◆ **Task brief**
Any picture must be dropped, but each line of the data should be duplicated exactly.

◆ **Available data**
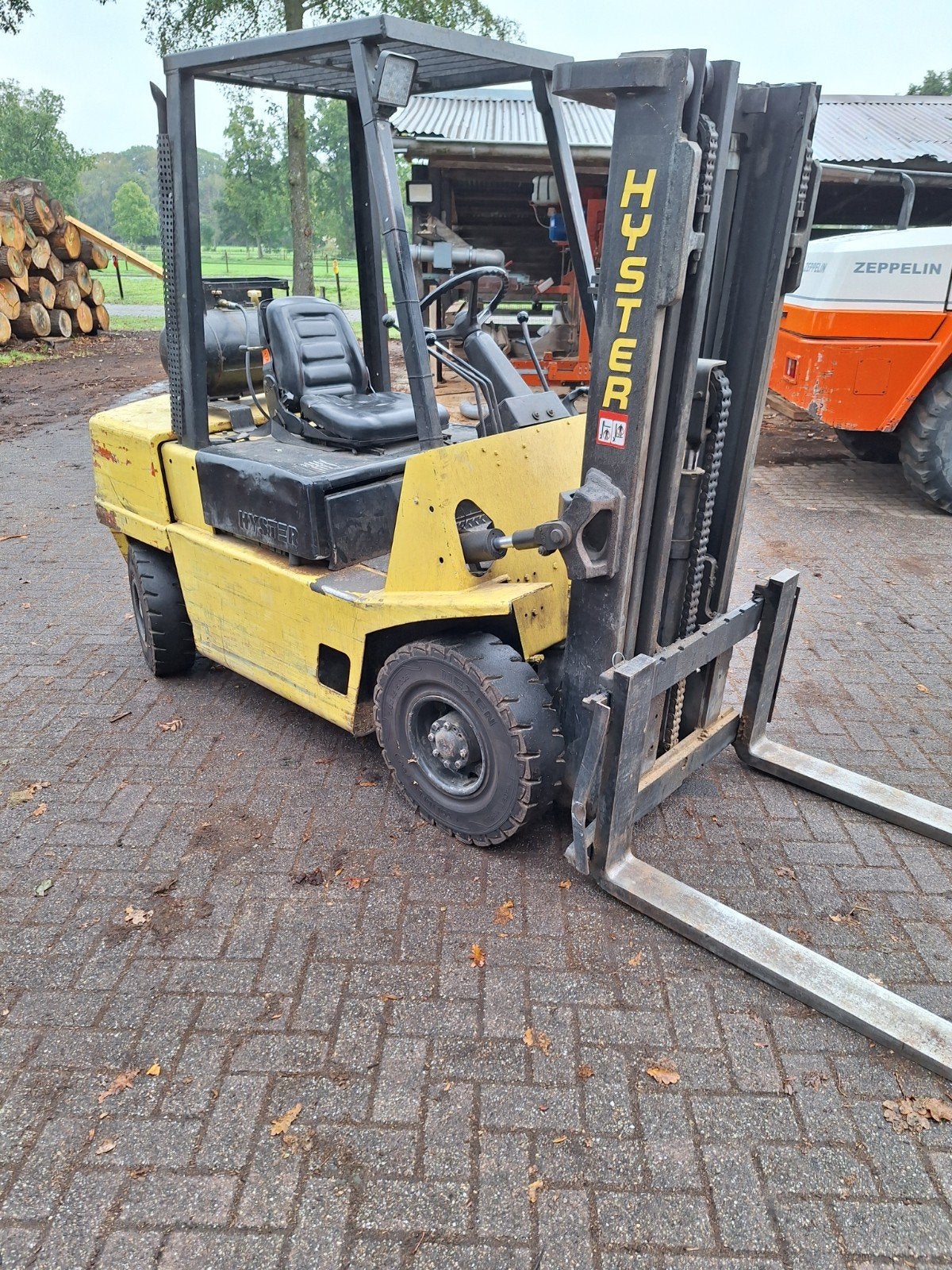 Defecte Hyster LPG heftruck H300XL met freelift mast, Heftruck, Hyster, 2000 tot 3000 kg, Ophalen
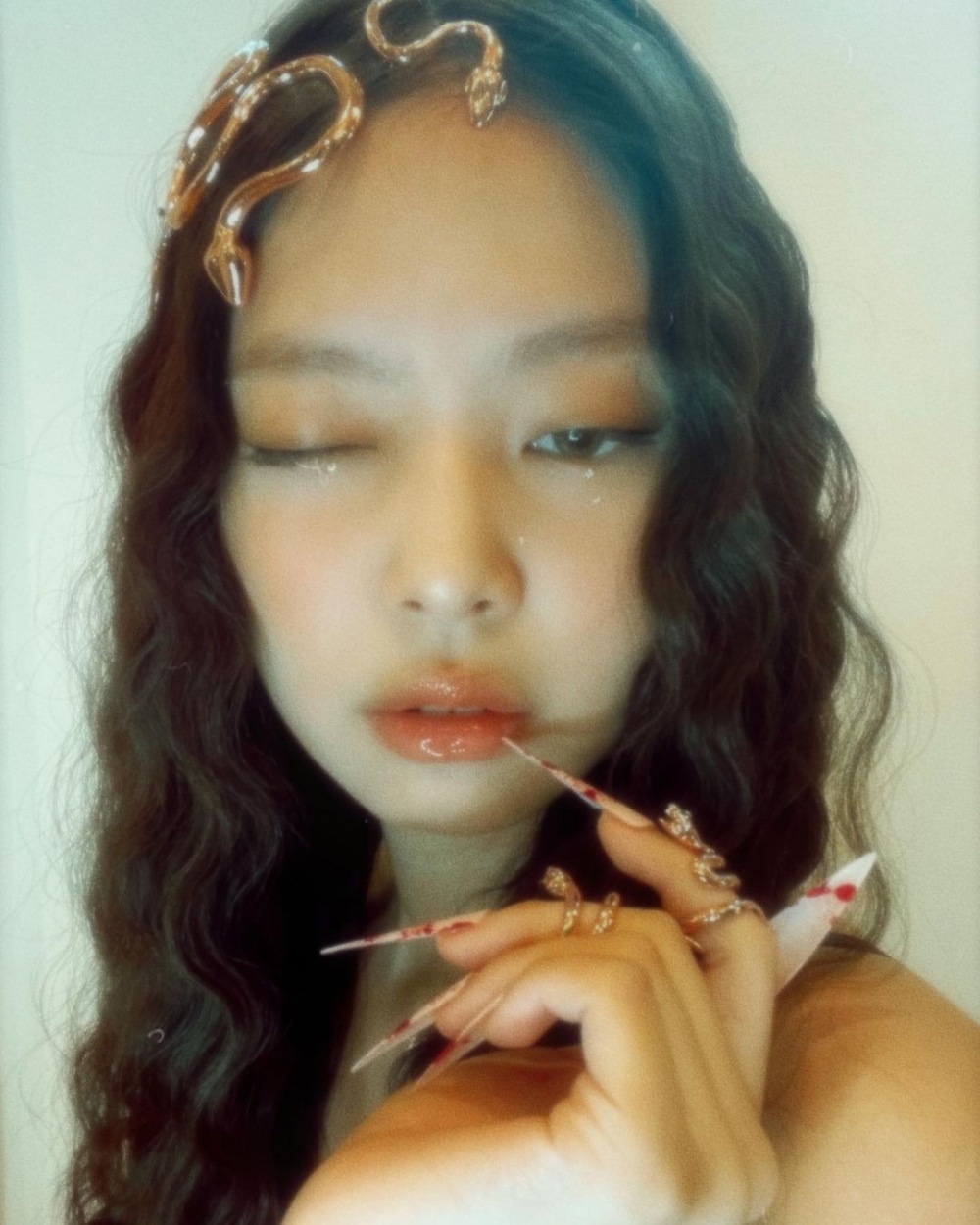 Jennie先是以美杜莎風格的魅惑眾人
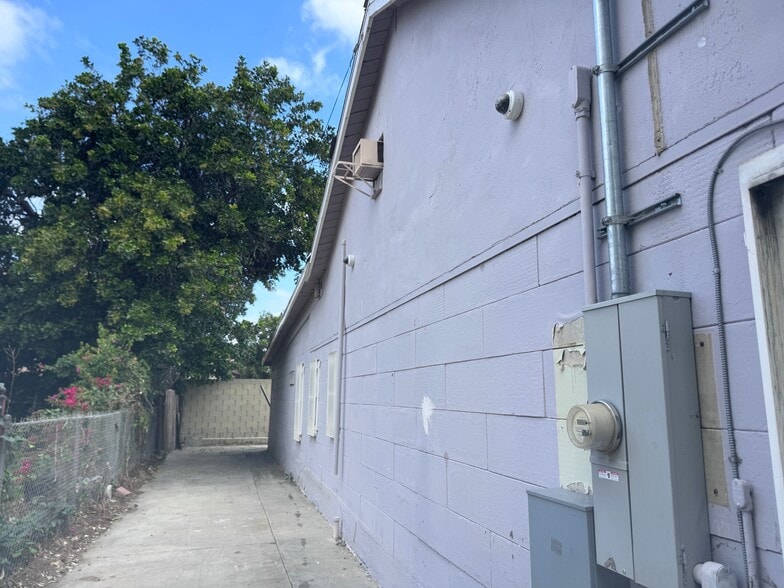 More Photos Of 9065 Jeff St, Bellflower Auto Repair For Sale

◆ **Exercise response**
 Defecte Hyster LPG heftruck H300XL met freelift mast, Heftruck, Hyster, 2000 tot 3000 kg, Ophalen
 Jennie先是以美杜莎風格的魅惑眾人
 More Photos Of 9065 Jeff St, Bellflower Auto Repair For Sale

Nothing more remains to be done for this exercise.